**EXERCISE DATA**
**********

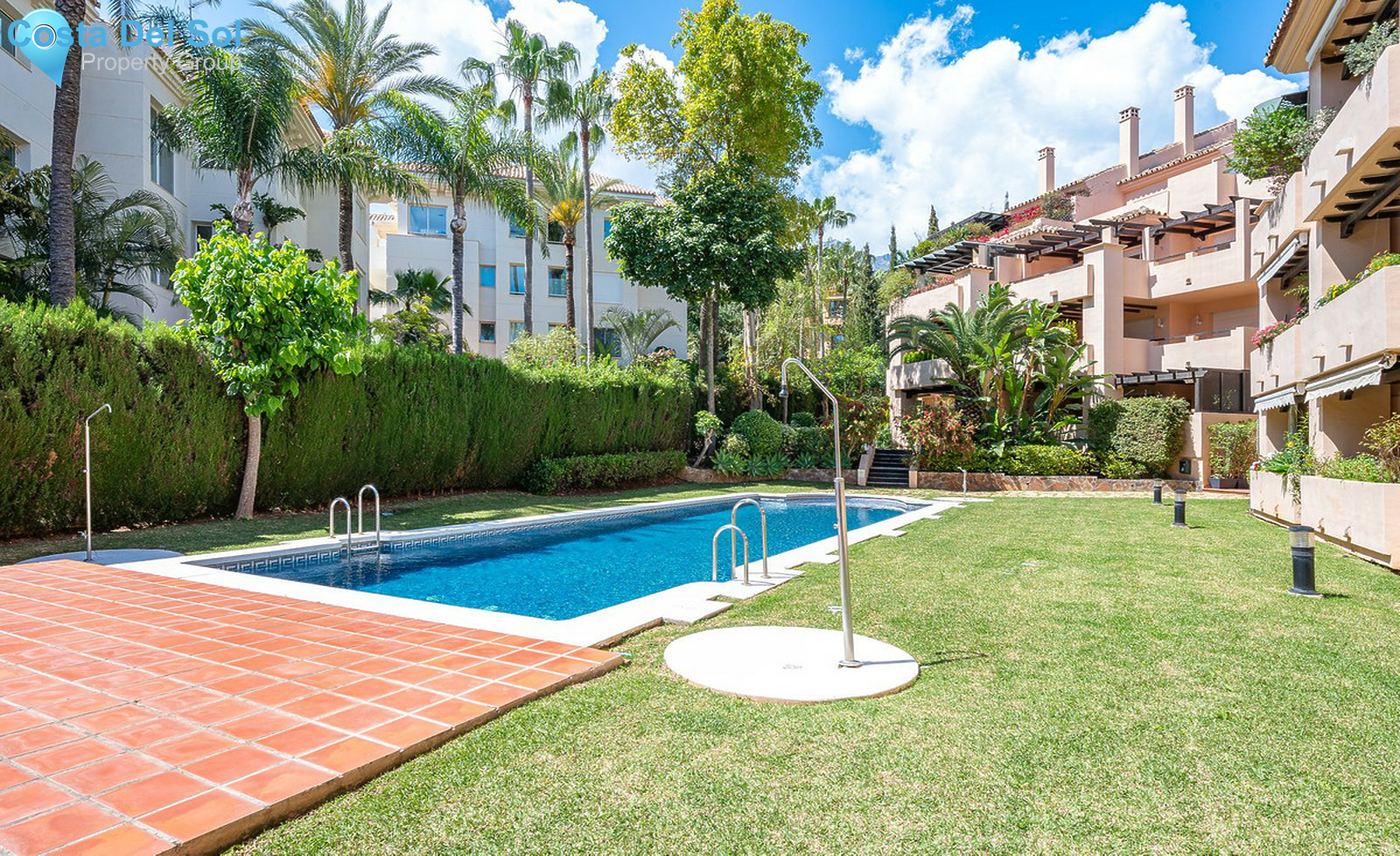 Middle Floor Apartment in The Golden Mile-1458092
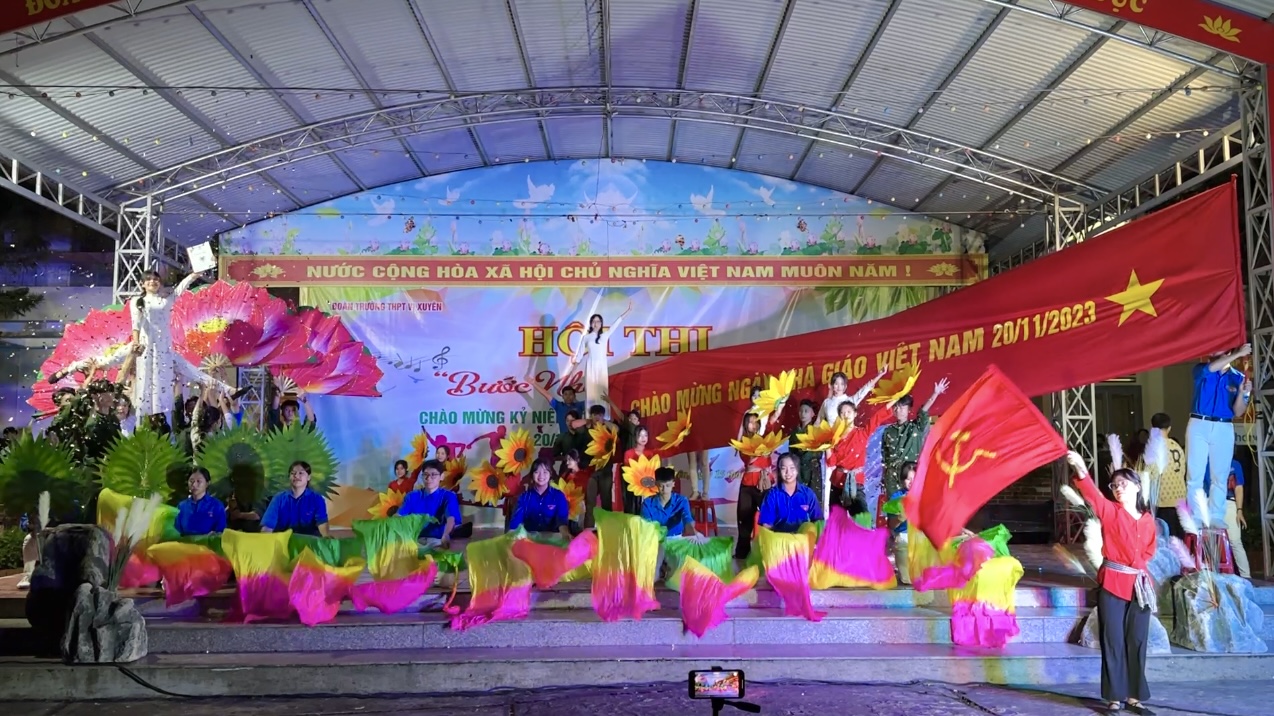 Trường THPT Vị Xuyên tổ chức “Hội thi bước nhảy thanh niên” mừng ngày 20/11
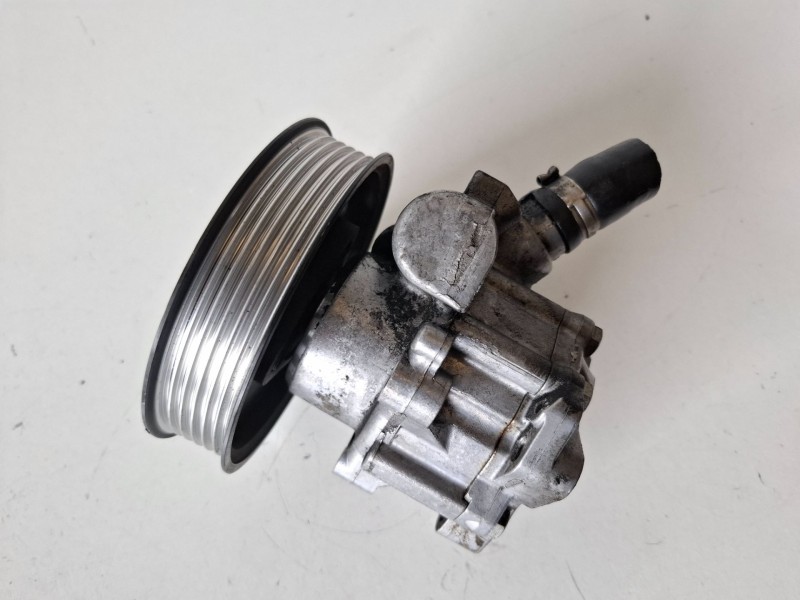 Recambio de bomba direccion para audi a4 avant (8e) bre referencia OEM IAM 8E0145155N  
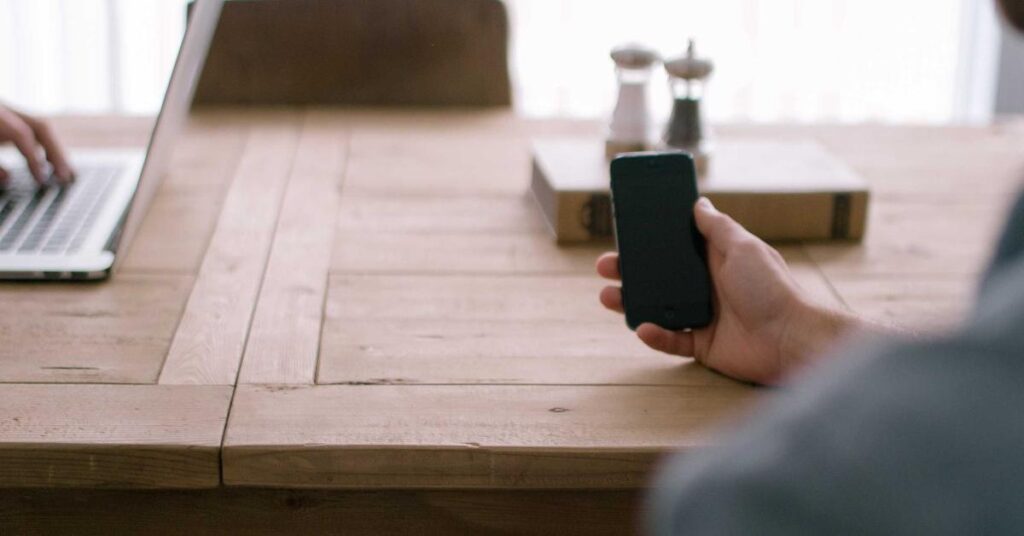 how to choose shredding company New York - 8 questions to ask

**********

Wording must stay exact. Give again the lines from the line with "Trường THPT Vị" through the last line of the listing, both ends included, without pictures.

**EXERCISE RESULT**
 Trường THPT Vị Xuyên tổ chức “Hội thi bước nhảy thanh niên” mừng ngày 20/11
 Recambio de bomba direccion para audi a4 avant (8e) bre referencia OEM IAM 8E0145155N  
 how to choose shredding company New York - 8 questions to ask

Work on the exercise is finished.